Buenos dias, en mi caso estos condensadores estaban directamente al lado del 7805, ahora armaré de nuevo el circuito alejando un poco el 7805 del HT12D que es el que me causa problema con el los condensadores y las resistencias. 
Saludos


----------



## tinchusbest (Abr 2, 2014)

Revisa esto a ver si te ayuda.Y por sobre todo pone todo lo mas cercano posible en la fuente


----------



## MatiasV (Abr 2, 2014)

Nuevamente gracias por su ayuda, la tension que estode y regulando proviene de un transformador de 9v, es decor q el.puente de diodos se encuentra dentro del transformador (fuente de alimentacion) por lo q poniendo el capacitor de 1000uf apenas entra la tension a la plaqueta no no me serviria en nada(?


----------



## tinchusbest (Abr 2, 2014)

MatiasV dijo:


> Nuevamente gracias por su ayuda, la tension que estode y regulando proviene de un transformador de 9v, es decor q el.puente de diodos se encuentra dentro del transformador (fuente de alimentacion) por lo q poniendo el capacitor de 1000uf apenas entra la tension a la plaqueta no no me serviria en nada(?

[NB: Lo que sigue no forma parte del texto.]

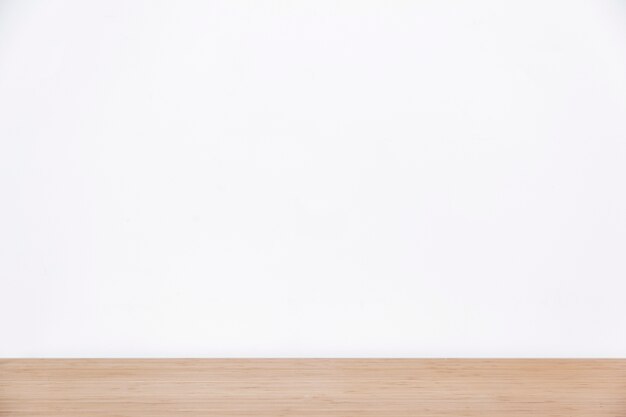 Empty white wall and wooden surface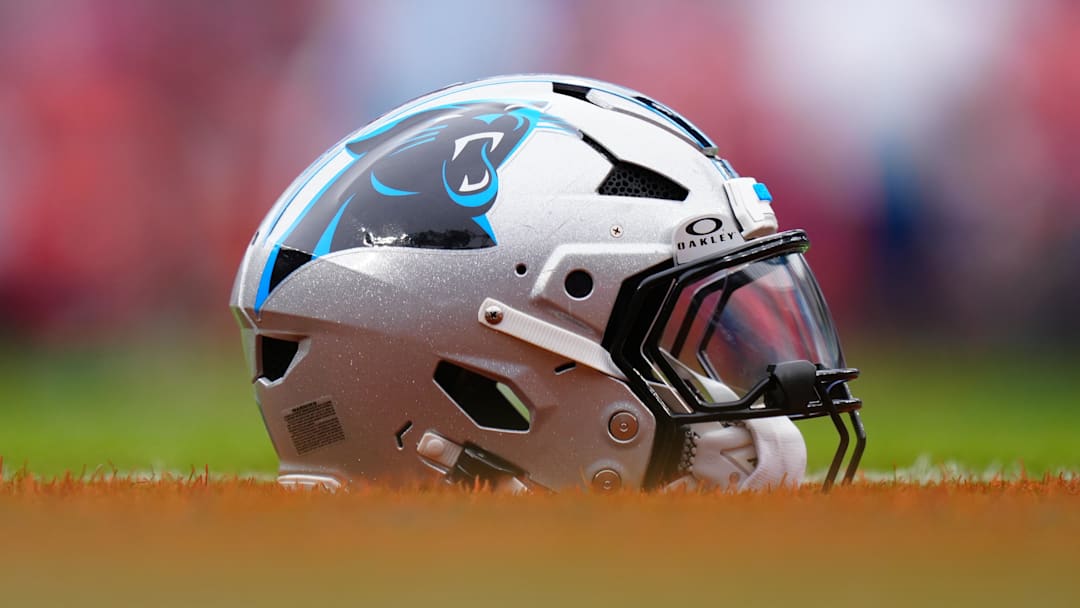 Oct 27, 2024; Denver, Colorado, USA; Detailed view of a Carolina Panthers helmet on the turf at Empower Field before the game against the Denver Broncos at Mile High. Mandatory Credit: Ron Chenoy-Imagn Images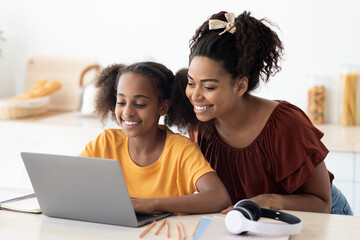 Cute black mother and kid using laptop together, closeup photo
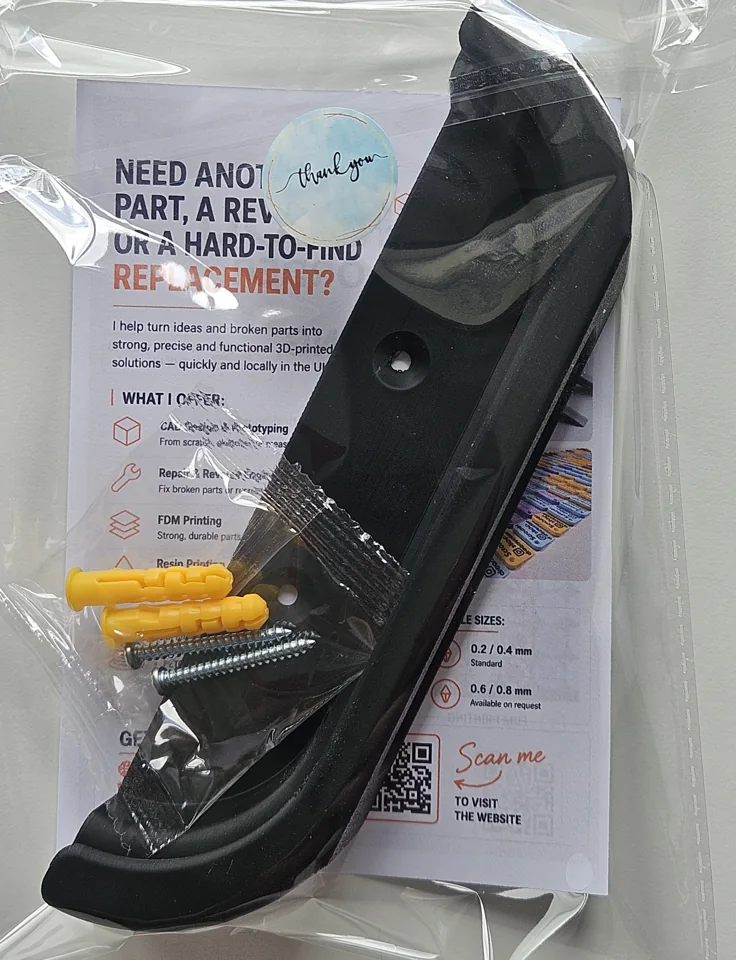 Black Google TV Streamer holder packaged with screws and yellow wall plugs.
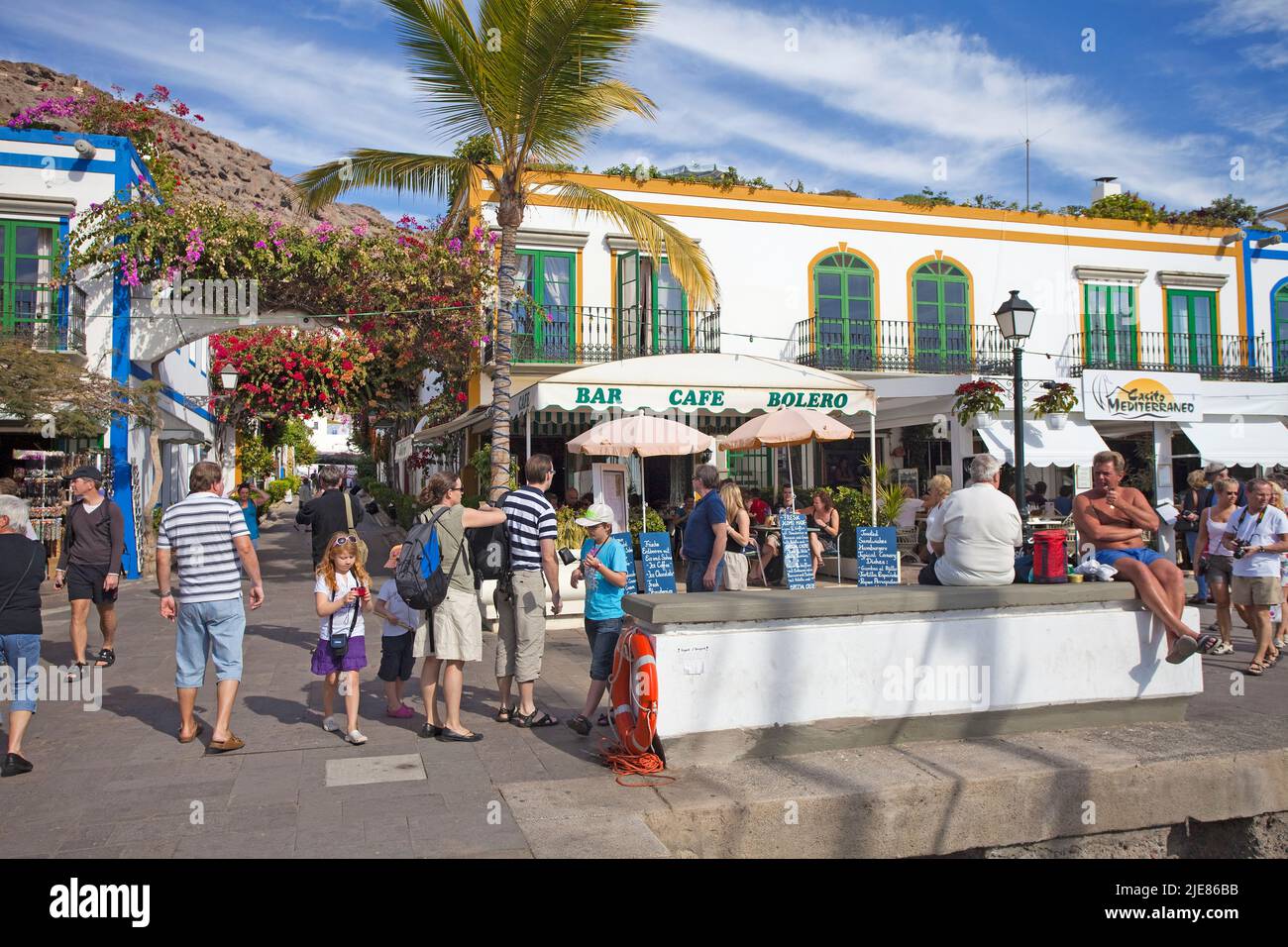 Restaurants and bars at the harbour promenade, flower decoration on arches in the alleys of Puerto de Mogan, Gran Canaria, Canary islands, Spain Stock Photo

¿La fuente esta separada por un cable de alimentacion de al plaqueta a alimentar?
Esto es muy parecido a lo que pasa con las pedaleras que usan los guitarristas que siempre se les mete ruido parasito por culpa de los cables de alimentacion y de los cables malos que se usan para unir la guitarra con la pedalera.Lee lo que esta en la parte de SISTEMAS DE AUDIO


----------